Slaves and Indians
Slaves and Indians is a land and blood acknowledgment.
This ritual can be performed at any location on this colonized Earth, pre-determined or intuitively reached, although the first performances were installed within and without the walls of Art institutions in the United States of America (i.e. The Museum of Modern Art NYC and the Metropolitan Opera at Lincoln Center.) These institutions and the many to follow along Harris and Wormsley’s idyllic ‘Trail of Un-Tears’, represent for the artists opportunities to reverse the larceny of culture, wealth, spirit, life, and identity, and return these values back to the Earth and bodies from which the system of white supremacy has pillaged and benefited from for far too long.
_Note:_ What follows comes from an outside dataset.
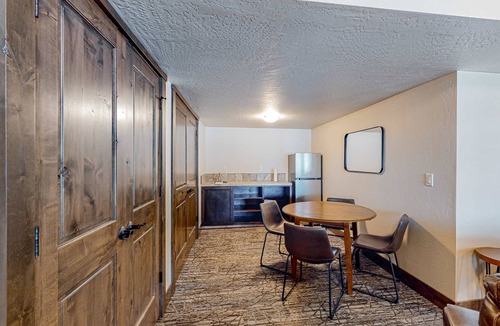 Harrison House | Lake House, 3BR, Boat Slip & Sunset Deck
The performance installation consists of the singing of a short invocation with accompanying gesture, to be performed clearly and with hallowed emotions. The lyrics beginning with “Slaves, Indians” address the intended audience, as the performer’s arms extend towards the sky one at time. The lyrics continue “I wish I had Roots, I wish I had Roots” as the performer collapses both arms down simultaneously on the first declaration, in the performative style of a child having a sarcastic tantrum. This land and blood acknowledgment is the precursor to Harris and Wormsley’s current project D.R.E.A.M.= A Way to AFRAM. The pair believe that any viable land acknowledgment is only as meaningful as the restorative activation that it catalyzes, for without restorative action the empty ritual continues to perform harm. Harris and Wormsley are repeatedly highlighting that environmental justice initiatives must be realized with land back advancements centering Black and Indigenous stewards of the world.